洋服にはこだわりがあり、小物使いにも積極的な円楽さん。「ブレスレットだといやらしいかな、という時も時計なら着けやすい。しかも時計部分がロレックスなら最高」とひと目惚れしたのがクロムハーツのカスタム品だ。手もとに落ち着くまでにすったもんだあったが、その分愛着は深い
ケースに5本並んだ色々なロレックスを見ながら、「この連中は本当に俺に迷惑かけてんだ」と呟く円楽さん。
「最初のロレックスはね、40歳くらいで経済的にも良くなってきた頃に、仲のいい友人たちと『ステイタスとは何だ』って話になり、やっぱり時計はロレックスだろって一緒に買ったんですよ。ところがハワイでホールドアップに遭って盗られちゃった。ちょうど42歳の厄年で、これは厄落としだ、命に代えたんだってことで買い直したのをいまも使ってるんです。クロムハーツのロレックスはハワイで買ったんだけど、帰国したら止まっちゃって。日本の店じゃ扱えないっていうからアメリカに修理に出したら、戻ってくるとき空港で関税を取られそうになるし、それを何とかクリアしたら今度はガラスがとれて行方不明になるわ…行ったり来たりで3カ月くらいかかったんじゃないかな?」
それでもロレックスは格別。
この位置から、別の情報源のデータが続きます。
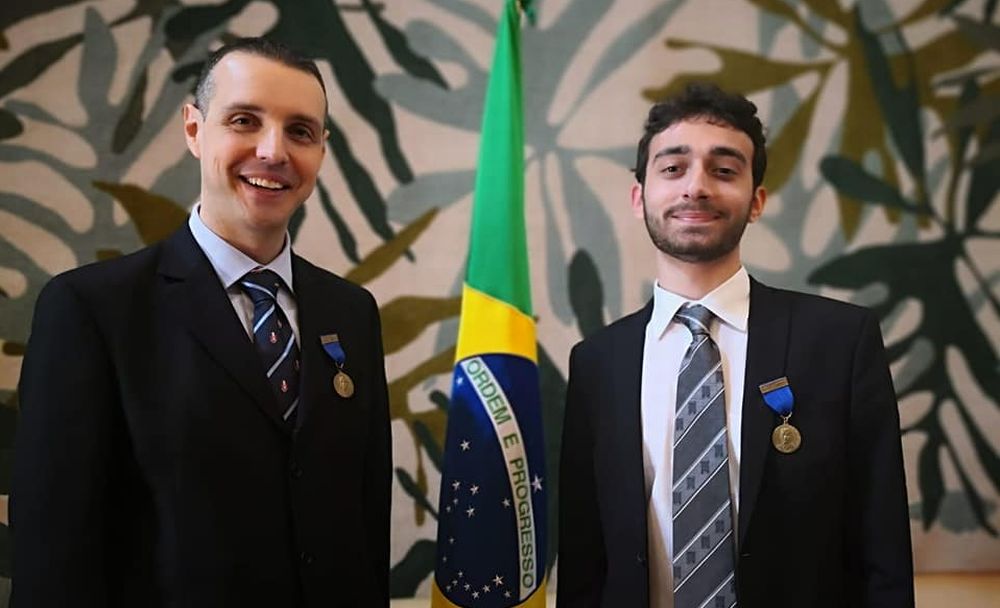 I tortonesi Matteo Leddi e Corrado D’Andrea unici civili insigniti a Roma della medaglia dell’esercito brasiliano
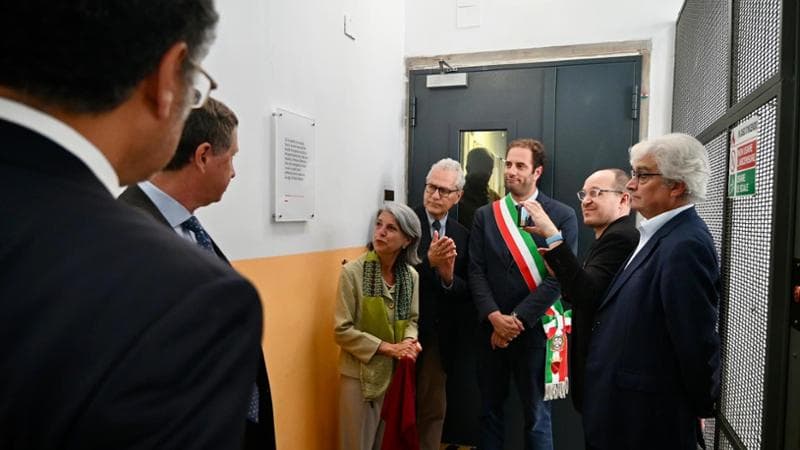4 giugno 2024, la targa all’ingresso della redazione di RadioRadicale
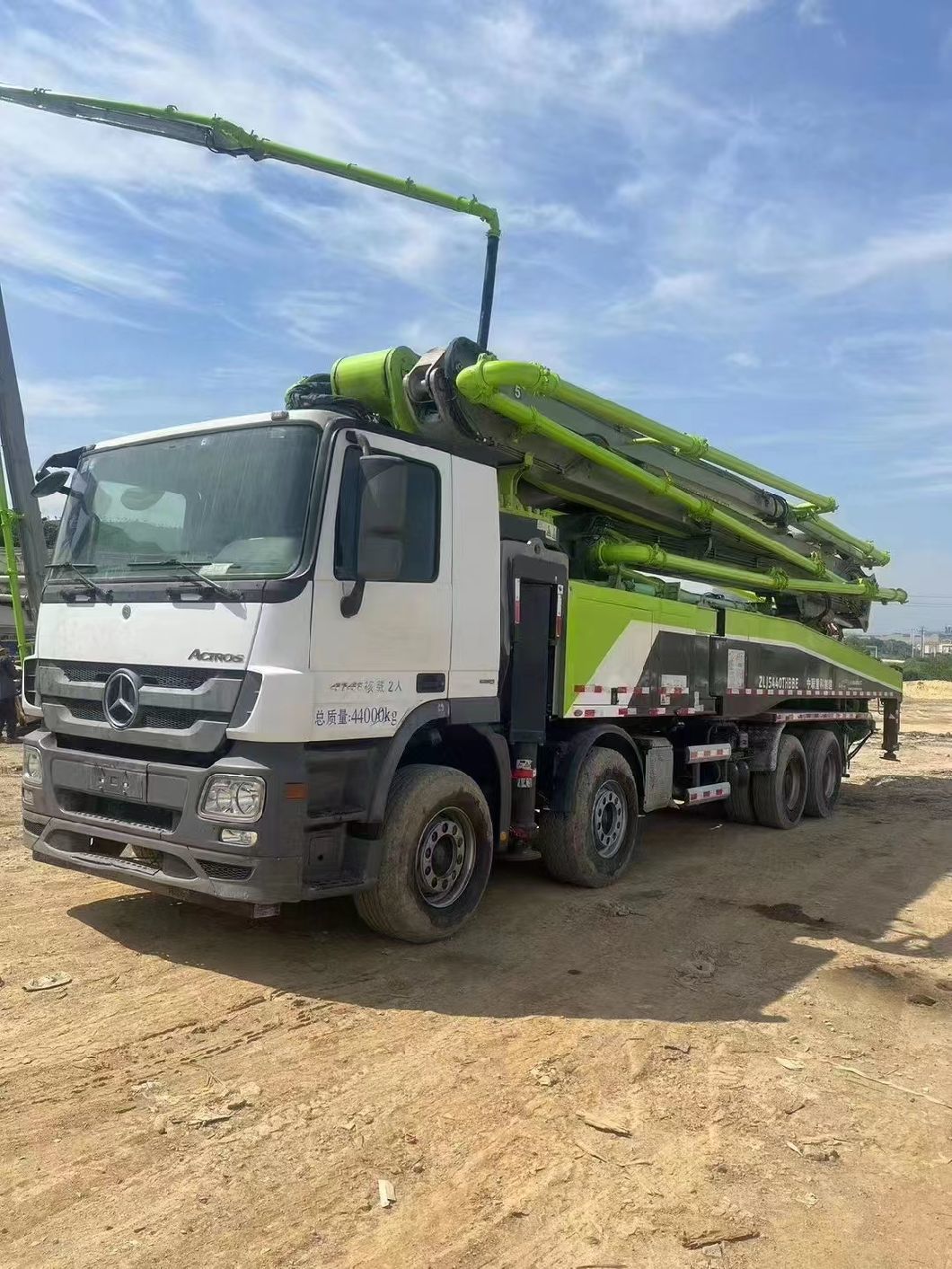 2019 Zoomlion Concrete Boom Pump 56m Truck Mounted Pump Mercedes Benz Heavy Equipment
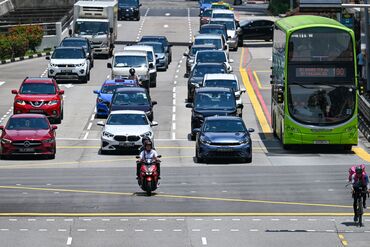 SINGAPORE-ECONOMY-TRANSPORT
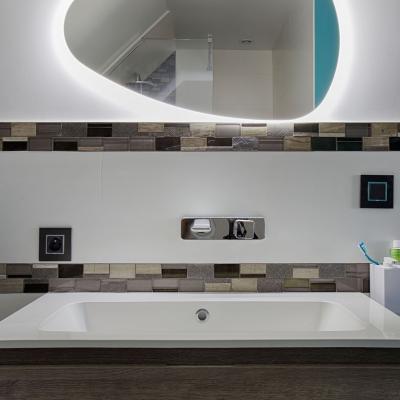 Miroir Led pour salle de bains par Peggy Guezello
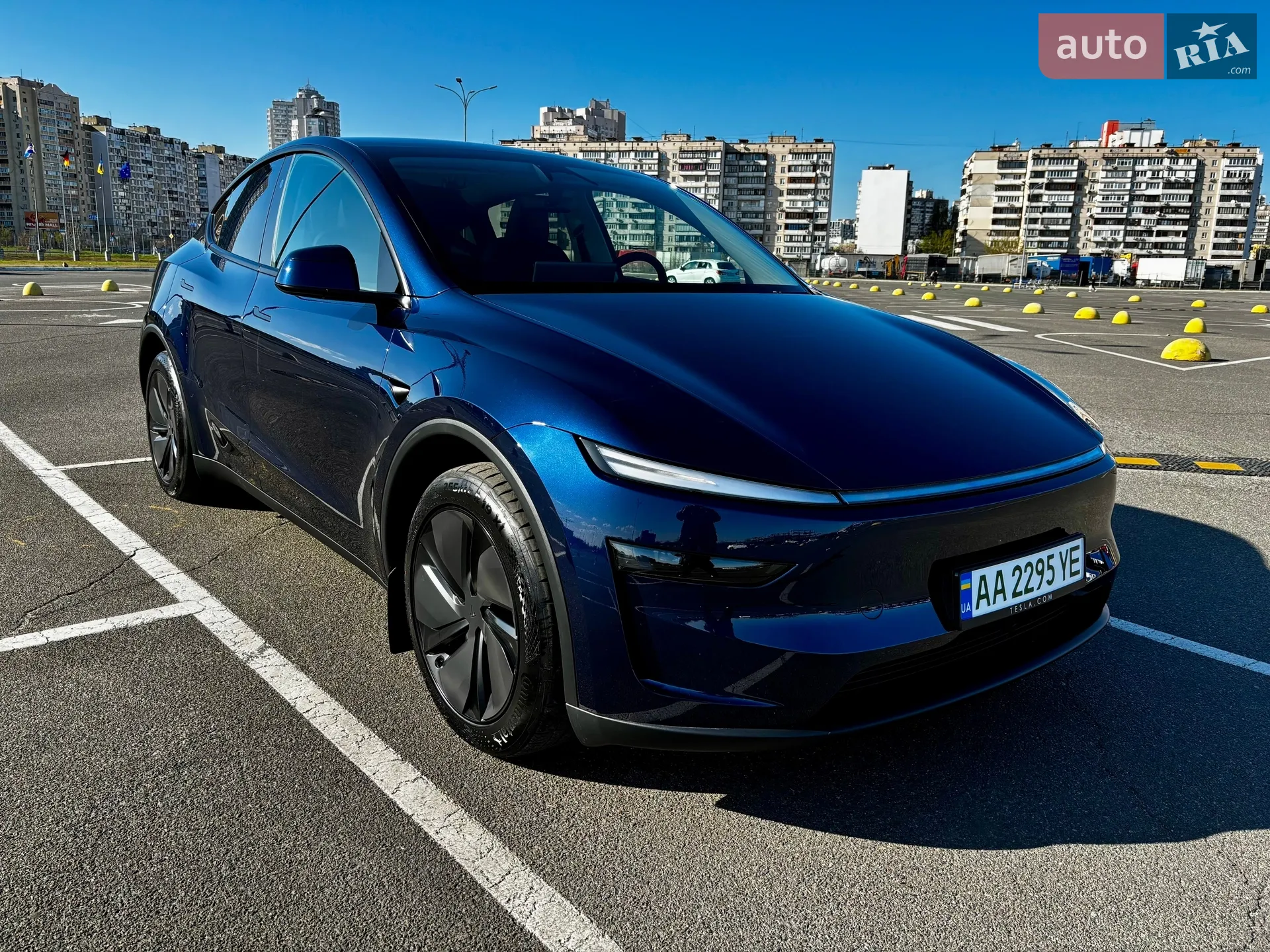 2025 Tesla Model Y - мініатюра 7
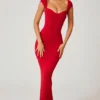 Dolcezza maxijurk met sweetheart-halslijn in rood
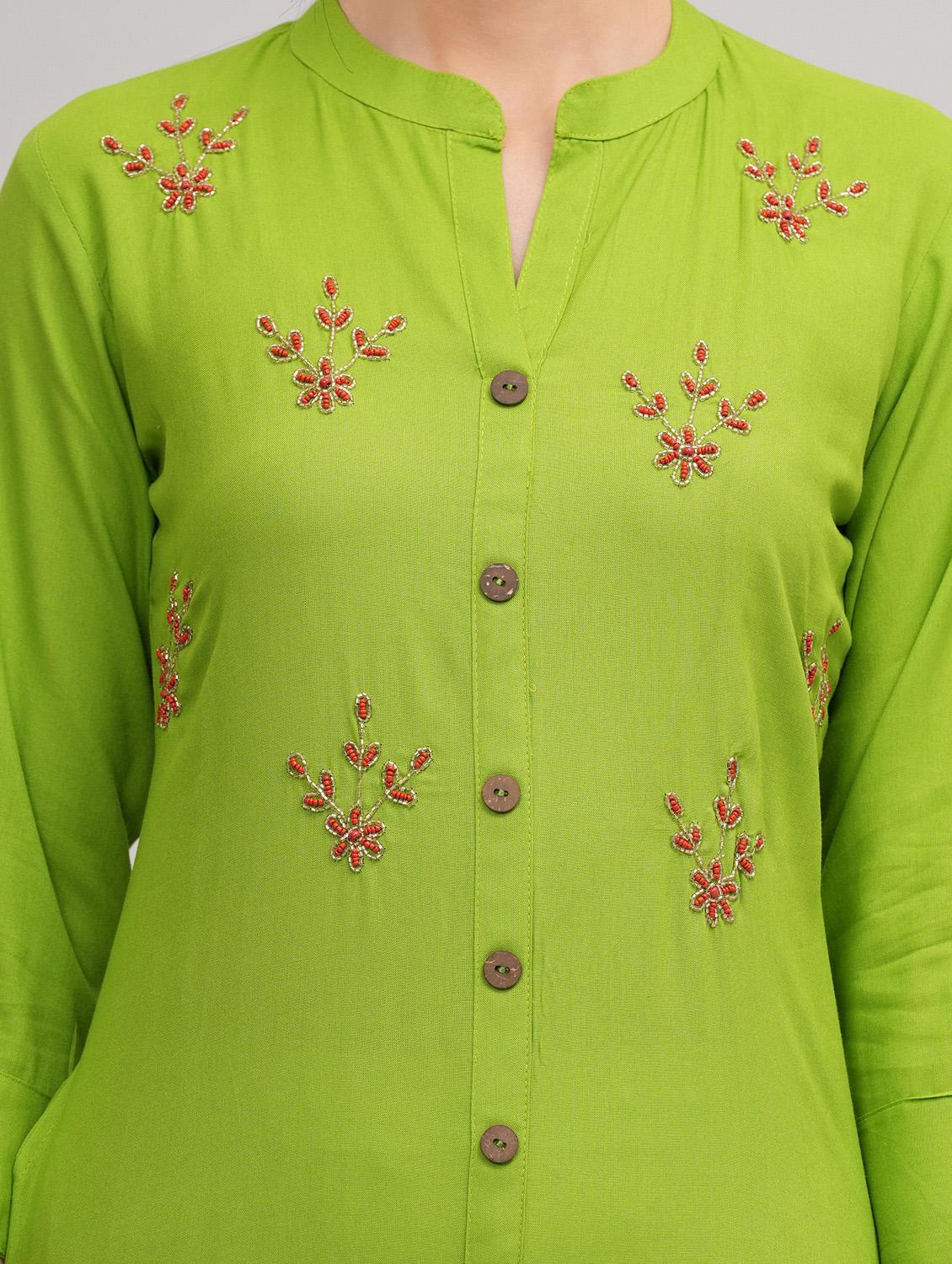 women mandarin neck kurta palazzo set - 21152678 - Standard Image - 4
流行のブランドとは違って「ステイタスとして間違いない」と感じるのだ。
「機械式だから止まることもあるけど、友人の医者の先生に『ロレックスをしてるやつは時間なんか気にしちゃいけない』なんて言われて、これは名言だと思ったね(笑)」
5本のなかにはその人に縁の1本もある。
「ある日一緒に飲んでたら、先生、自分で時計をしてるのに『いま何時?』って聞いてくる。『時計してるじゃないですか』って言ったら『字が小さくて見えねえんだよ』って(笑)。挙句『また今度会うとき時間聞くから、この時計を着けておいてくれ』と言われて預かることになっちゃった。だからその先生に会うときは、これ着けていかなきゃなんないの(笑)」
立場上、着物で過ごす時間が長いのかと思いきや着物姿は落語のときだけ。確かにバラエティー番組での円楽さんはいつも洋服姿だ。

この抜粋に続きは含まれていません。